Beitragvon Janina » Do 11. Okt 2018, 15:46

SamuelB hat geschrieben:
Detlef hat geschrieben:Klar wird auch hier, dass es äußerst schwierig ist, da eine klare Grenze zu ziehen. Ich halte die derzeit geltende Fristenregelung für einen akzeptablen Kompromiss.
Finde ich auch schwierig.
Sowas z.B.?
closs hat geschrieben:Die Frage wäre dann allerdings, welche Rechte der werdenden Mutter haben kann, dass sie höher einzustufen sind als das Leben das Kindes - hier wäre doch eigentlich nur eine für die Mutter lebensbedrohliche medizinische Indikation gemeint, oder?

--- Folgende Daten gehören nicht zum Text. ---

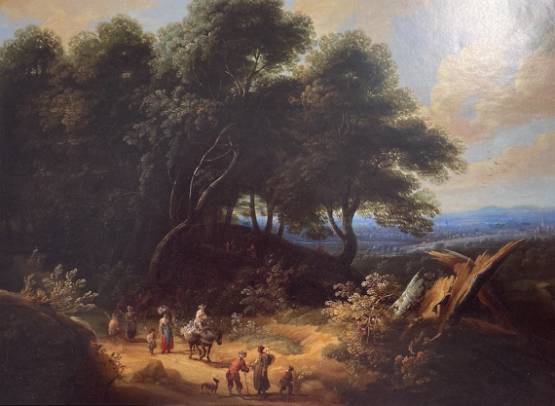 Jacques d'Arthois - Wooded Landscape with Travellers on a Sandy Path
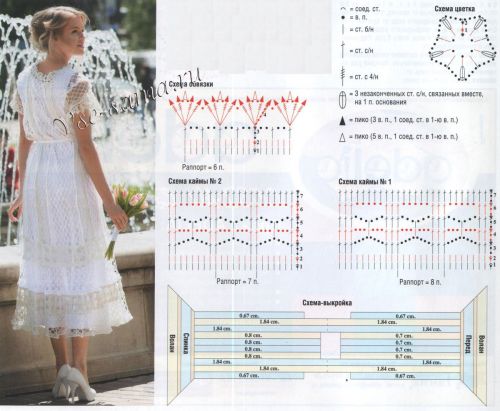 Выкройка и схема для вязания двухцветного свадебного платья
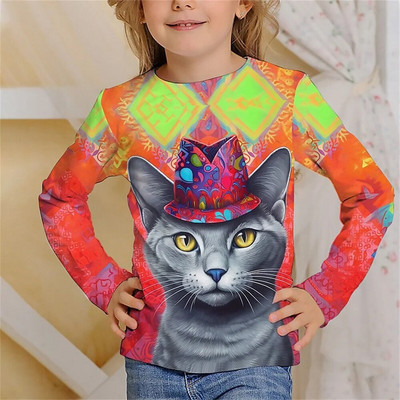 Kawaii odjeća za djevojčice Žirafa Mačka Papiga Zec Dječje majice za djevojčice Jesenska moda 2023. Dječje dizajnerske majice majica Životinje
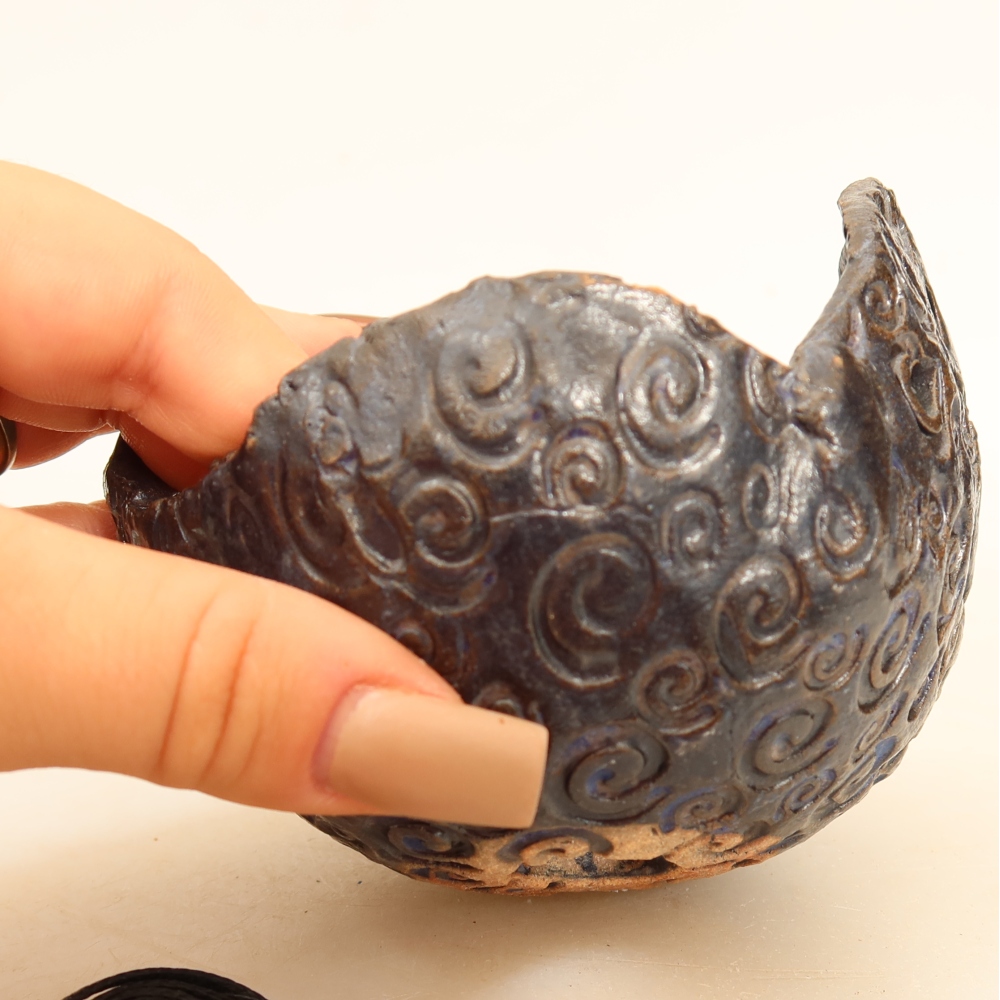 Contenitore in ceramica per Kokedama 10 x 9 x 8 cm, colore blu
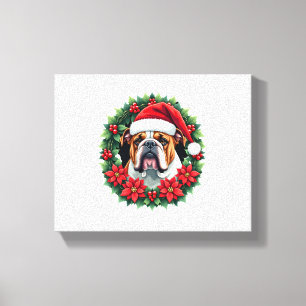 Impressão Em Tela Camiseta Regata engraçada de Natal do Bulldog Ingl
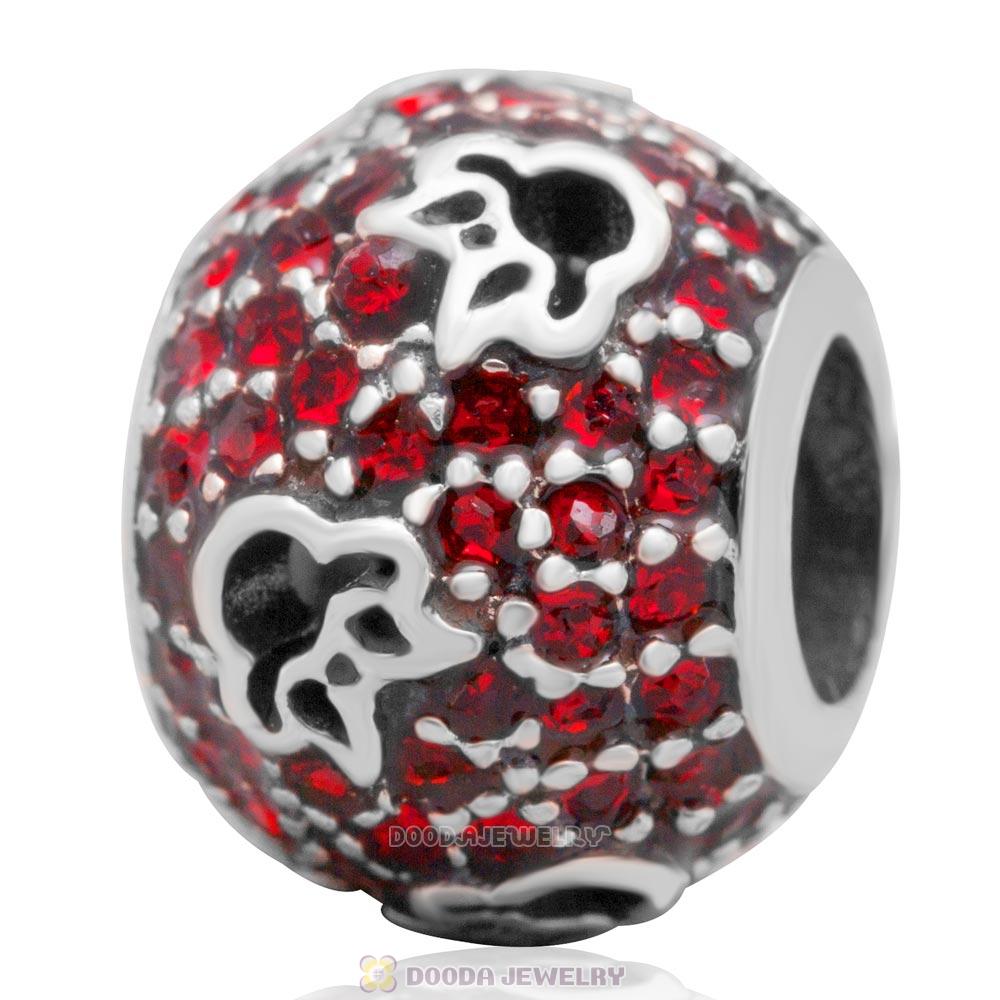 European Style Sterling Silver Minnie Head Charm With Light Siam Austrian Crystal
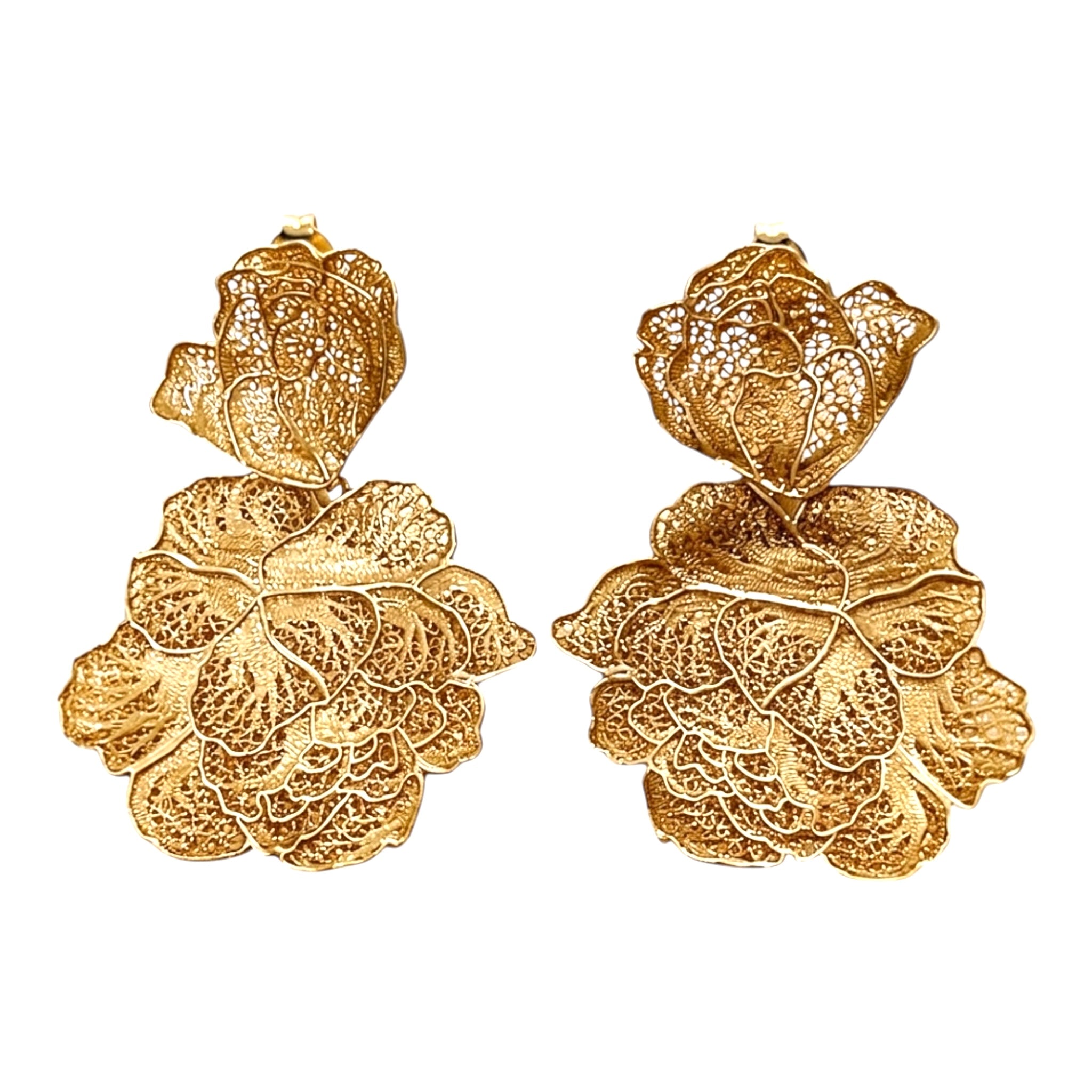 Brincos Flor  de Filigrana em Prata Dourada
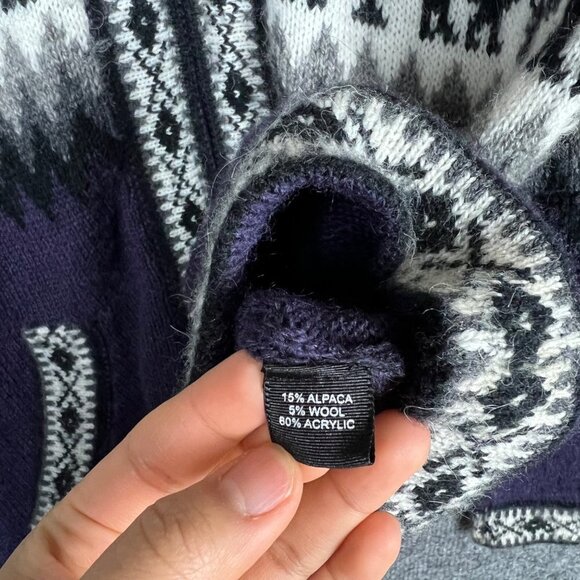 NEW WITH TAG Alpaca Connection Purple Patterned Sweater Zip up Hoodie Women’s S‎ - Picture 9 of 9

Oder bspw. Schwangerschaft nach einer Vergewaltigung, schwere Behinderung beim Kind, Alter der Mutter (?) ...
...oder die soziale Situation... Das alles geht am wichtigsten Punkt vorbei, nämlich der Frage: Ist es zielführend?

Die Praxis hat gezeigt, dass eine Freigabe der Abtreibung dazu führt, und zwar überall auf der Welt, dass Frauen sich häufiger dazu entscheiden, NICHT abzutreiben. Also ist die Freigabe gut.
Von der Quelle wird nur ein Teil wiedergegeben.